» The problem: With the line containing "2Pcs For Xiaomi" as the first and the final line of the entries as the last, repeat exactly the lines in that span, including both.

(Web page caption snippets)
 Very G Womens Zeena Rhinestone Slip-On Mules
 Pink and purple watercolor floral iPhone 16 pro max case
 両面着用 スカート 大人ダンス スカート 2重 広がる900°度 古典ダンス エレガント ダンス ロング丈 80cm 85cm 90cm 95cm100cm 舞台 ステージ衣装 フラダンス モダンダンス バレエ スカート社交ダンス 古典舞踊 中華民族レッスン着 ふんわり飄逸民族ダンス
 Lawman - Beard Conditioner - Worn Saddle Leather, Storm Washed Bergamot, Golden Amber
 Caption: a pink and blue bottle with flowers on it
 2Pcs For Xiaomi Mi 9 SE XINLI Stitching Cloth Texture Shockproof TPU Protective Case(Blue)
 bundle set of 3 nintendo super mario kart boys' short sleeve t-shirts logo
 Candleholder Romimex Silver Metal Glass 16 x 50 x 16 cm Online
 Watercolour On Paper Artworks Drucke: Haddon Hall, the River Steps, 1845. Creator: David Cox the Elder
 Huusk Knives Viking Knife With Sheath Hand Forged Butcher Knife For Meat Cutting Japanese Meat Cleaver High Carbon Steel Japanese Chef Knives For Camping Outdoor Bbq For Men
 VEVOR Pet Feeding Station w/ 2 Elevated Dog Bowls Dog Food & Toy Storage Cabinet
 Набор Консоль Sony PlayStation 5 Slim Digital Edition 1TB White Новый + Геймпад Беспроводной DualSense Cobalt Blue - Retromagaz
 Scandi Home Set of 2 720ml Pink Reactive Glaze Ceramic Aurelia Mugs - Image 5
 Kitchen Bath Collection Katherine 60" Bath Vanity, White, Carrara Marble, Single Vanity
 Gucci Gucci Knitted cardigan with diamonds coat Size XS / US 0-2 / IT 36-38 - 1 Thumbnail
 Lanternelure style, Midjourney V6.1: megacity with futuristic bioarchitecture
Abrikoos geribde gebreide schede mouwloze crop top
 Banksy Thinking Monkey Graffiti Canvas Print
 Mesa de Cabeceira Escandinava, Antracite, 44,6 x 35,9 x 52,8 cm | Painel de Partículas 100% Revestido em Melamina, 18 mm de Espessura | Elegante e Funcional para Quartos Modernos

» Answer to the problem:
 2Pcs For Xiaomi Mi 9 SE XINLI Stitching Cloth Texture Shockproof TPU Protective Case(Blue)
 bundle set of 3 nintendo super mario kart boys' short sleeve t-shirts logo
 Candleholder Romimex Silver Metal Glass 16 x 50 x 16 cm Online
 Watercolour On Paper Artworks Drucke: Haddon Hall, the River Steps, 1845. Creator: David Cox the Elder
 Huusk Knives Viking Knife With Sheath Hand Forged Butcher Knife For Meat Cutting Japanese Meat Cleaver High Carbon Steel Japanese Chef Knives For Camping Outdoor Bbq For Men
 VEVOR Pet Feeding Station w/ 2 Elevated Dog Bowls Dog Food & Toy Storage Cabinet
 Набор Консоль Sony PlayStation 5 Slim Digital Edition 1TB White Новый + Геймпад Беспроводной DualSense Cobalt Blue - Retromagaz
 Scandi Home Set of 2 720ml Pink Reactive Glaze Ceramic Aurelia Mugs - Image 5
 Kitchen Bath Collection Katherine 60" Bath Vanity, White, Carrara Marble, Single Vanity
 Gucci Gucci Knitted cardigan with diamonds coat Size XS / US 0-2 / IT 36-38 - 1 Thumbnail
 Lanternelure style, Midjourney V6.1: megacity with futuristic bioarchitecture
Abrikoos geribde gebreide schede mouwloze crop top
 Banksy Thinking Monkey Graffiti Canvas Print
 Mesa de Cabeceira Escandinava, Antracite, 44,6 x 35,9 x 52,8 cm | Painel de Partículas 100% Revestido em Melamina, 18 mm de Espessura | Elegante e Funcional para Quartos Modernos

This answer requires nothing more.